**Assignment**
The records below are to be set down word for word, with every picture left out.

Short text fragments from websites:
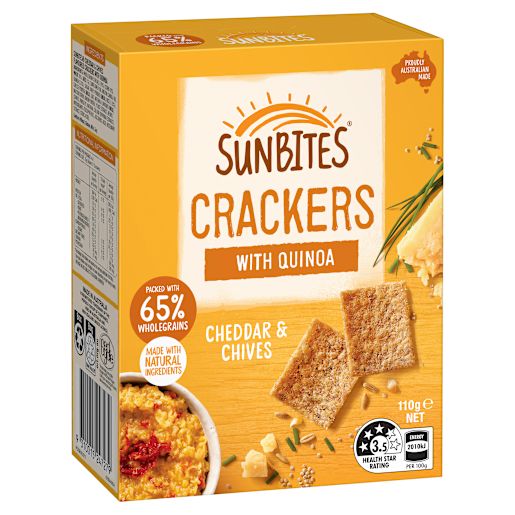 CHEDDAR & CHIVES CRACKERS 110GM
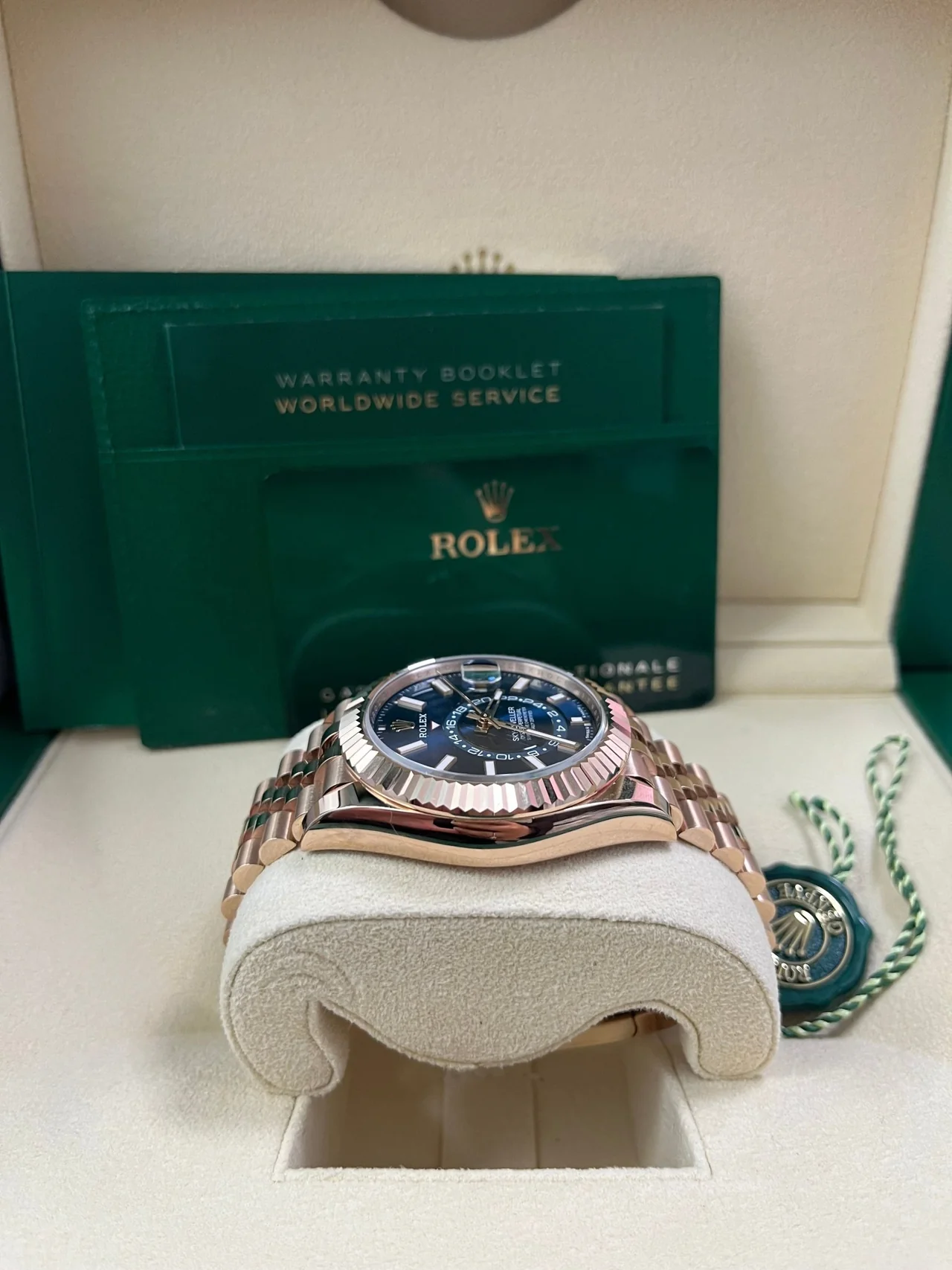 Rolex Sky-Dweller 42mm Blue Dial Rose Gold Jubilee Bracelet 336935 - Image 9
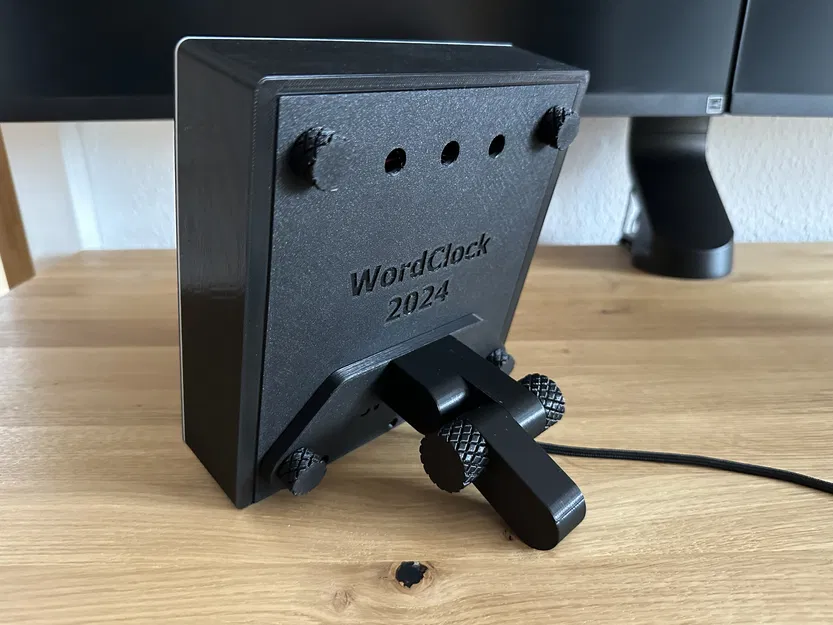Giá đỡ để bàn WordClock 2024/2025 (16x8 & 16x16) - Image 1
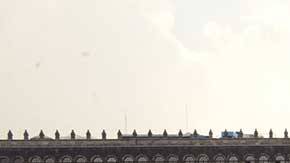 Esta plataforma circular terminó siendo la entonces Plaza Principal de la Ciudad de México.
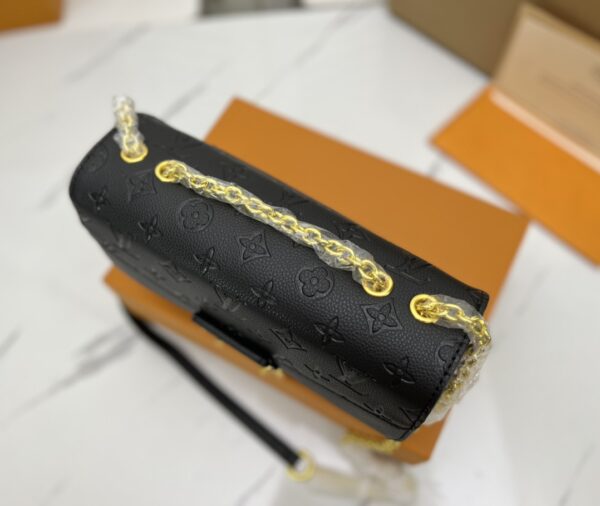 LOUIS VUITTON MARCEAU BLACK LEATHER BAG M46200 - Image 5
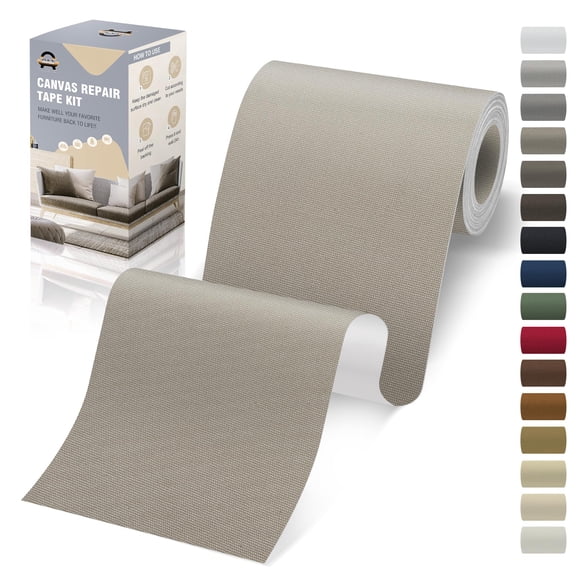 Cinta Reparadora para Lona OAZ Autoadhesiva Marfil Gris 10x200 cm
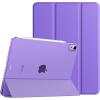 TiMOVO for iPad Air 11 Inch Case (M3/M2-2025/2024), iPad Air 5th Generation 2022/4th Gen 2020 10.9 Inch, Slim Hard Translucent Back Cover, Support Auto Wake/Sleep – Space Gray(Hibiscus Purple)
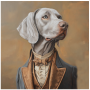 FSC2387 Printed Panel Weimaraner
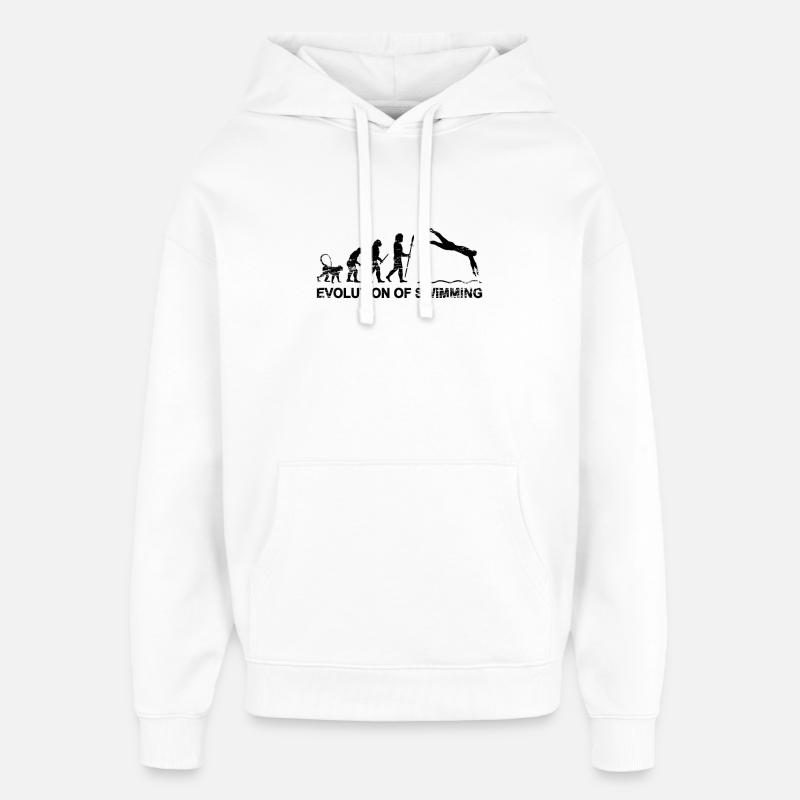 Schwimmer Evolution - Oversized Unisex Hoodie von Stanley/Stella - Weiß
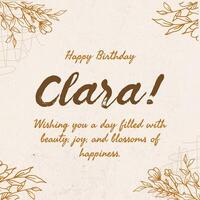 Square Birthday Greeting Card for Adult template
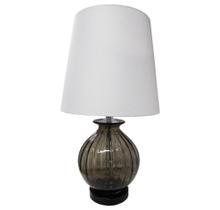 Abajur Decorativo Cristal Cinza Formosa Alta Decoração Abajur Decorativo Cristal Cinza Formosa Alta Decoração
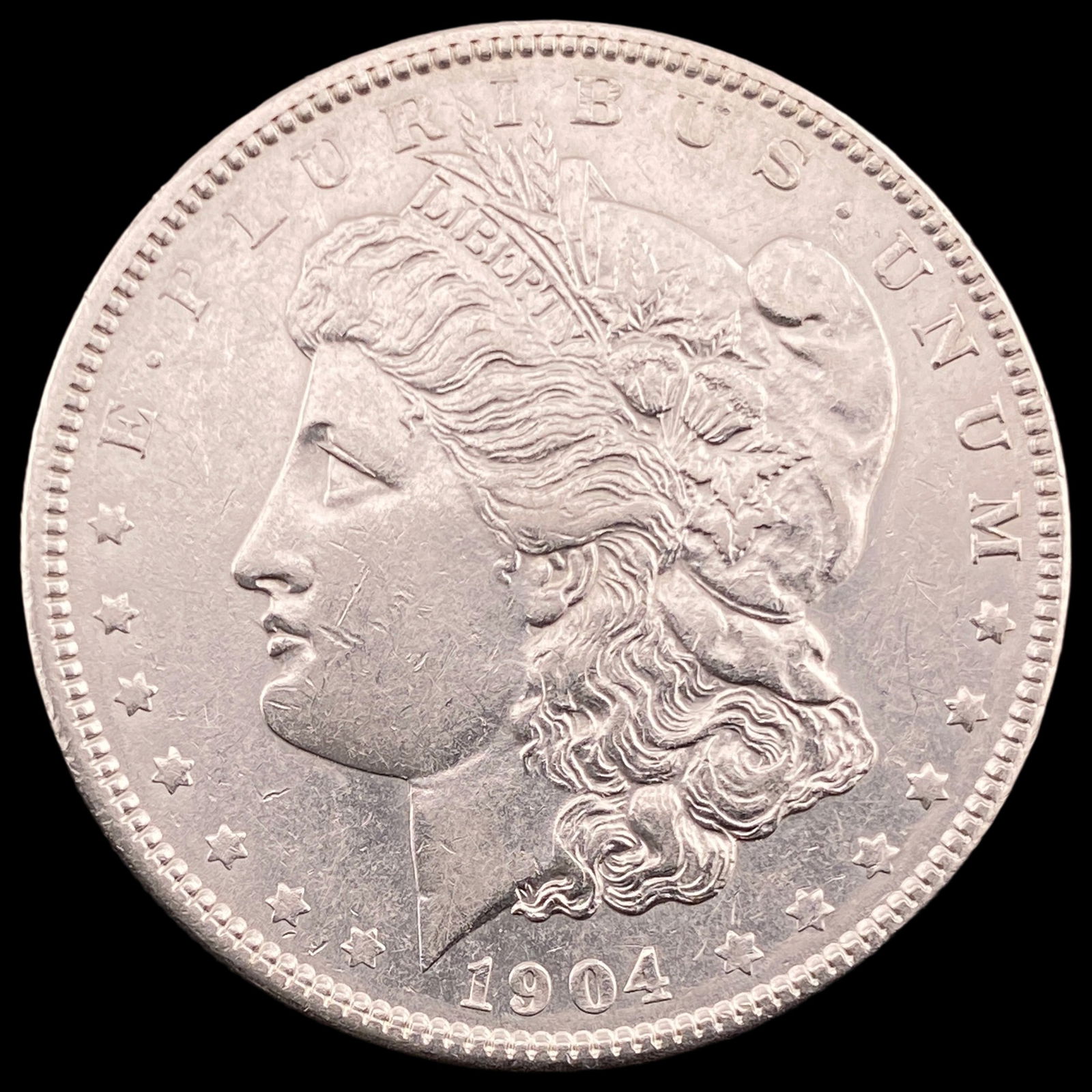1904 Morgan Silver Dollar CLOSELY UNCIRCULATED (1 of 2)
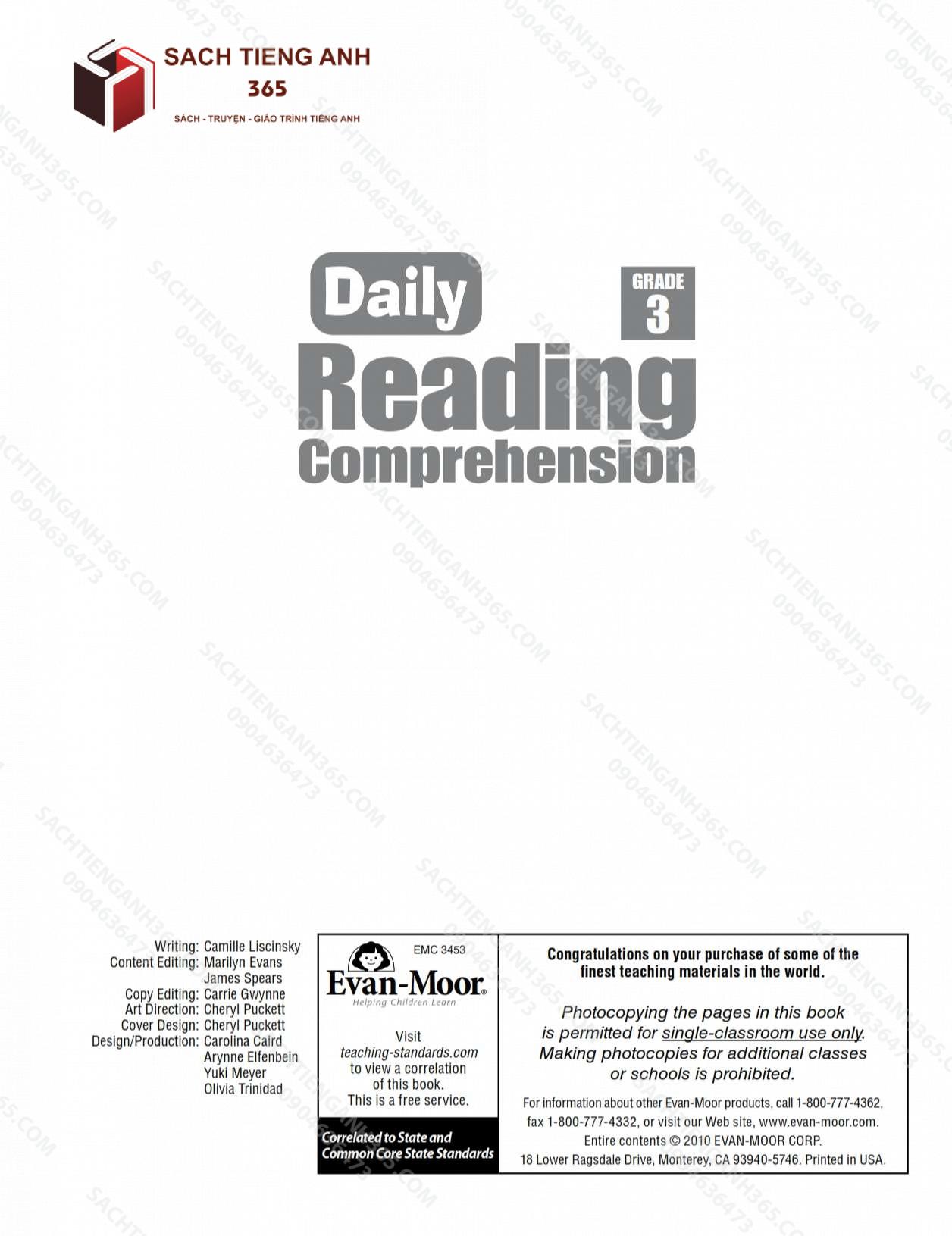 Daily Reading Comprehension Grade 3_001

**Response**
 CHEDDAR & CHIVES CRACKERS 110GM
 Rolex Sky-Dweller 42mm Blue Dial Rose Gold Jubilee Bracelet 336935 - Image 9
Giá đỡ để bàn WordClock 2024/2025 (16x8 & 16x16) - Image 1
 Esta plataforma circular terminó siendo la entonces Plaza Principal de la Ciudad de México.
 LOUIS VUITTON MARCEAU BLACK LEATHER BAG M46200 - Image 5
 Cinta Reparadora para Lona OAZ Autoadhesiva Marfil Gris 10x200 cm
 TiMOVO for iPad Air 11 Inch Case (M3/M2-2025/2024), iPad Air 5th Generation 2022/4th Gen 2020 10.9 Inch, Slim Hard Translucent Back Cover, Support Auto Wake/Sleep – Space Gray(Hibiscus Purple)
 FSC2387 Printed Panel Weimaraner
 Schwimmer Evolution - Oversized Unisex Hoodie von Stanley/Stella - Weiß
 Square Birthday Greeting Card for Adult template
 Abajur Decorativo Cristal Cinza Formosa Alta Decoração Abajur Decorativo Cristal Cinza Formosa Alta Decoração
1904 Morgan Silver Dollar CLOSELY UNCIRCULATED (1 of 2)
 Daily Reading Comprehension Grade 3_001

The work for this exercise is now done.